Information shown: Begin
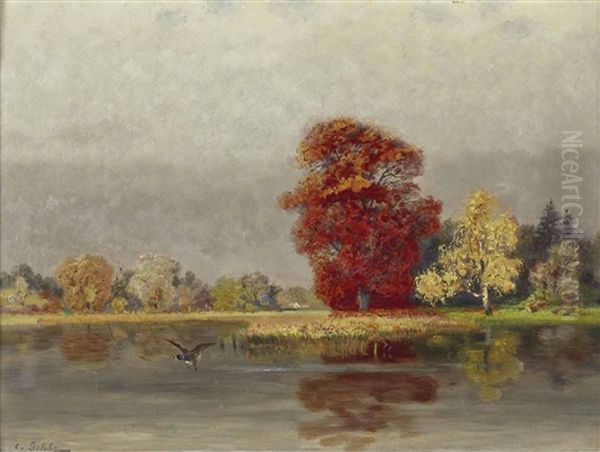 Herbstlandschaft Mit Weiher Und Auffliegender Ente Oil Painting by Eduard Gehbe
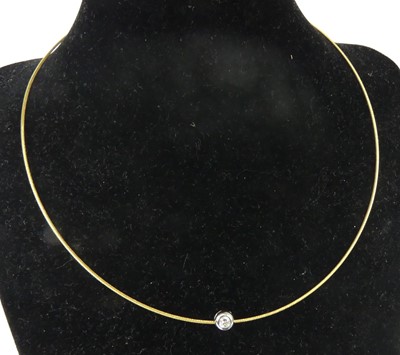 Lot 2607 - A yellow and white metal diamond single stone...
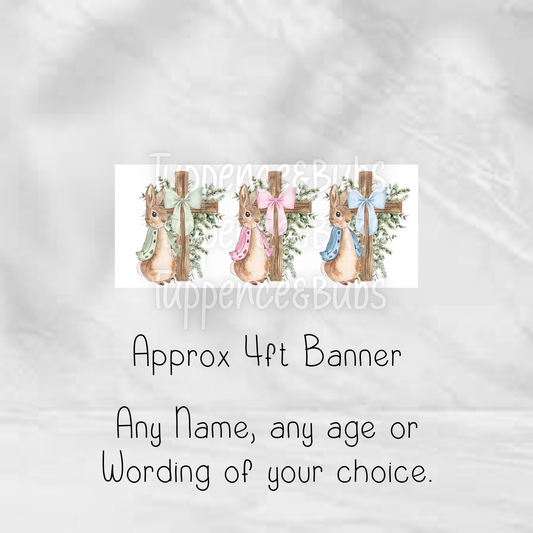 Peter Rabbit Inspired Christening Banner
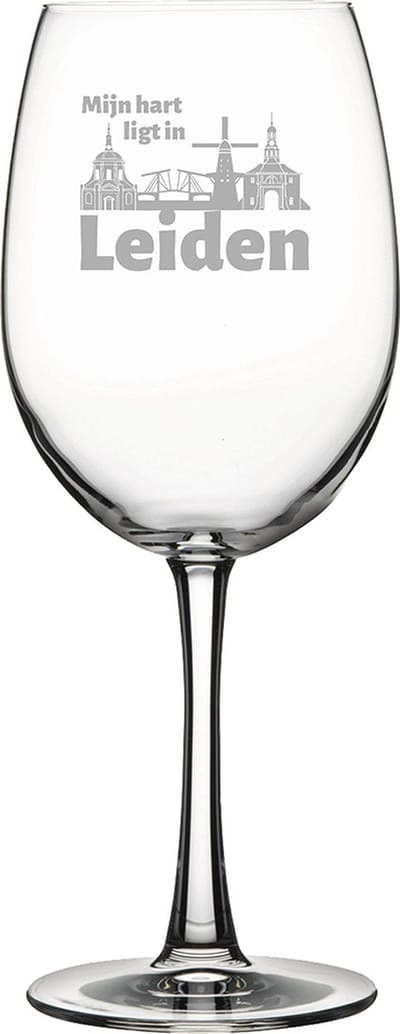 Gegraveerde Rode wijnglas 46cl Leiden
Information shown: End
[Activity] Once the pictures are removed, copy the listing exactly.

[The answer]
 Herbstlandschaft Mit Weiher Und Auffliegender Ente Oil Painting by Eduard Gehbe
 Lot 2607 - A yellow and white metal diamond single stone...
 Peter Rabbit Inspired Christening Banner
 Gegraveerde Rode wijnglas 46cl Leiden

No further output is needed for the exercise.